O que, afinal, move e agita o âmago convulso e adulterado de Bubble & Scrape é uma triangulação quase infinita de dinâmicas, que parte inevitavelmente de uma banda comprometida a profanar a canção com o à vontade de uma equipa de demolição livre de assinar um termo de responsabilidade. Respeitando a ordem dos nomes, as características que sobressaem a cada um dos integrantes dos Sebadoh são – correspondentemente - as seguintes: Barlow, Gaffney, Lowenstein; escrita apurada de canções que o destacam como um dos grandes da sua geração, gaffes técnicas propositadas, homem de acção e riffs que suam balas; “Think (let tomorrow bee)”, caprichos Que se foda! consumados em canções escravizadas pelos métodos de um lunático, a orgulhosa falta de rigor herdada ao garage norte-americano; bongo, cafeína,speed; o bom, o mau e o vilão rock.

A salvação e disseminação de Bubble & Scrape assenta na estranha garantia de que uma hemorrogia provocada por um momento particularmente violento de Gaffney (paranóia e uma harmónica roubada a Neil Young em “Fantastic Disaster”) estanca pouco depois com a suturação operada pela ponta mais melancólica e intimista de “Happily Divided” (consagração atípica de Lowenstein). Tudo isto surge envolto em doses industriais de tédio e consumo alarve de erva, o que sustenta a ideia de que as guitarras em “Homemade” serão mesmo ponteiros de um relógio que queima o tempo como o lume queima tabaco.

Embora Bubble & Scrape necessitasse apenas das suas dezassete faixas originais, como argumentos favoráveis à sua condição de imprescindível, é legitimo e pertinente que a Domino tenha comemorado o décimo-aniversário do Álbum acrescentando-lhe o habitual sortido de faixas inéditas, demos e tudo mais. Sem muito adicionar ao que já se sabia e sem criar elevado interesse em torno das reais novidades (meia dúzia de estrilhos algo apressados), o disco de extras vale, mesmo assim, pelo panorama que proporciona sobre o processo de alguns temas predilectos: “Reject” era mais urgente e atabalhoado antes de ser “Sacred Attention”, o passado de “Sister” continha afinal um riff-alternativo muito Mudhoney e um rastilho mais curto, todas as pertenças alquímicas de Eric Gaffney eram ainda mais doentias (ó surpresa das supresas…).

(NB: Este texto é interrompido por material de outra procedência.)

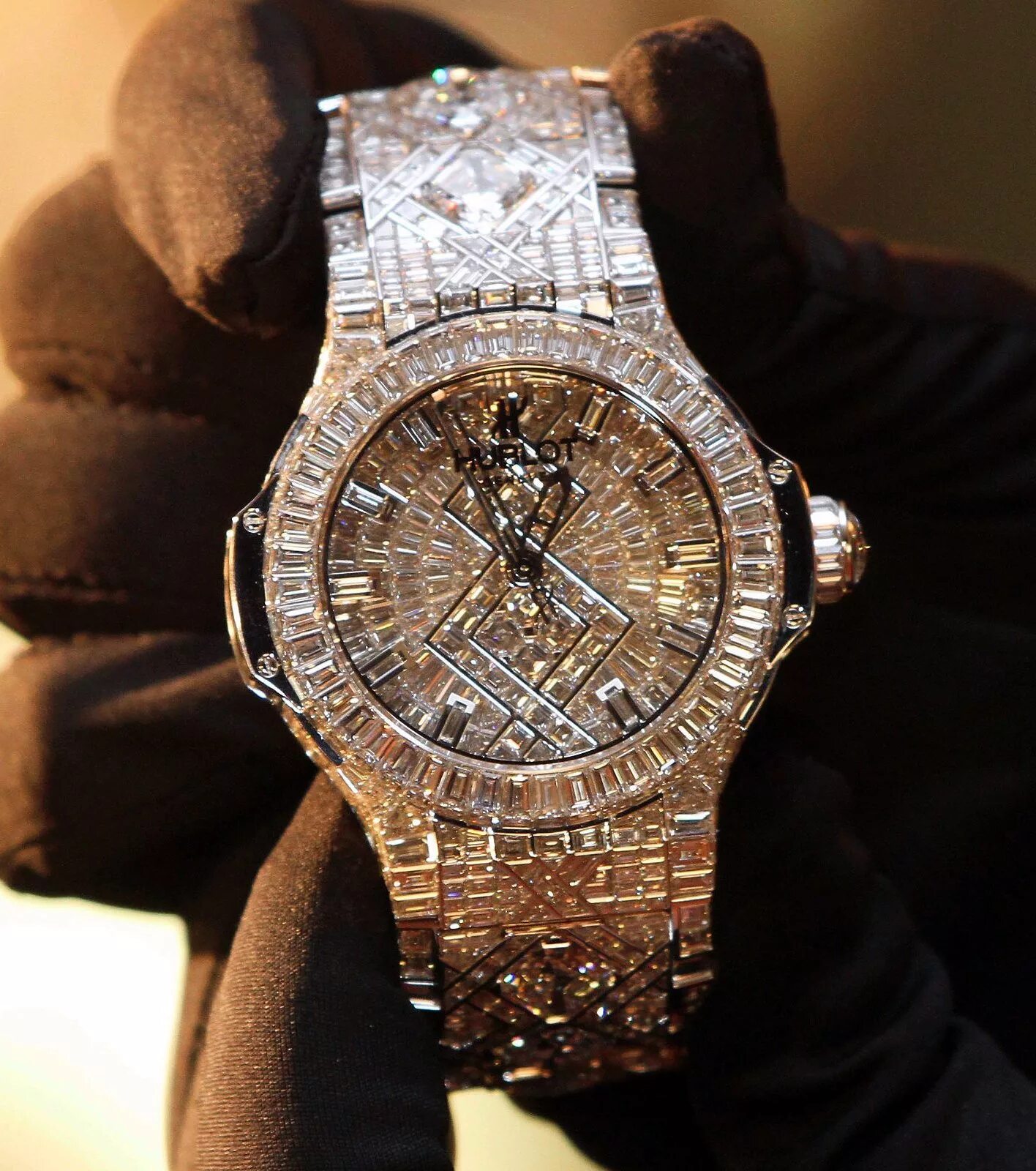 Купить надо купить часы. Rolex Hublot. Hublot часы ролексы. Hublot самые дорогие часы. Шикарные дорогие часы.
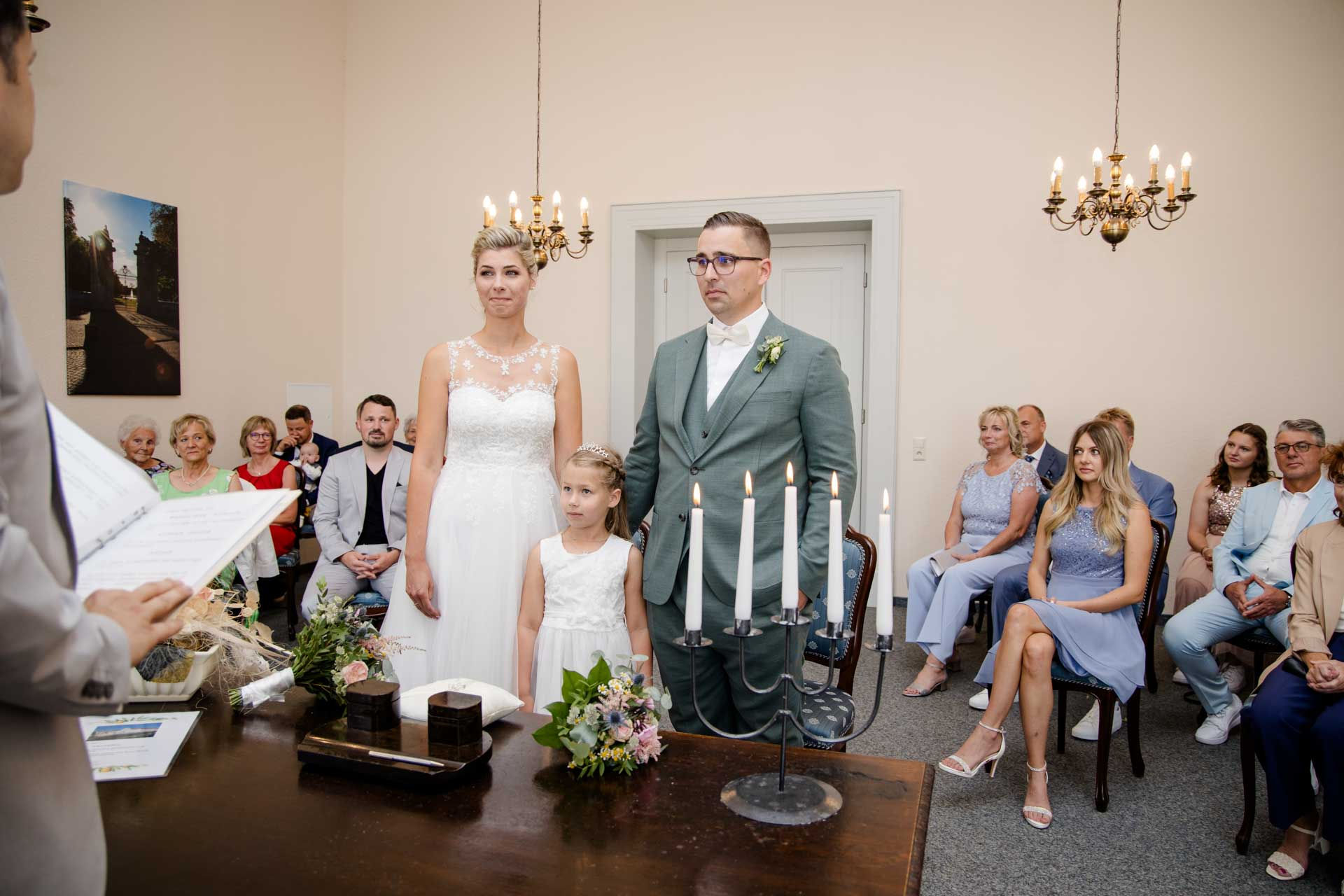 Hochzeitsfotograf Oranienburg, Hochzeitsfotos Oranienburg, Hochzeit im Standesamt Schloss Oranienburg. Trauung im Schloss Oranienburg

Por último, o idealista de coração indie pode sempre tentar deixar um post scriptum a quem gere o tempo. Um post scriptum que suplique pelo prolongamento dos dias para sair para a rua ao som dos Pavement ou para ficar em casa a atrofiar na companhia dos Sebadoh. Bubble & Scrape será sempre motivo mais do que suficiente para resolver o dilema, que pesa o exterior e o interior como opções para quem tem neste um dos discos maiores da sua vida.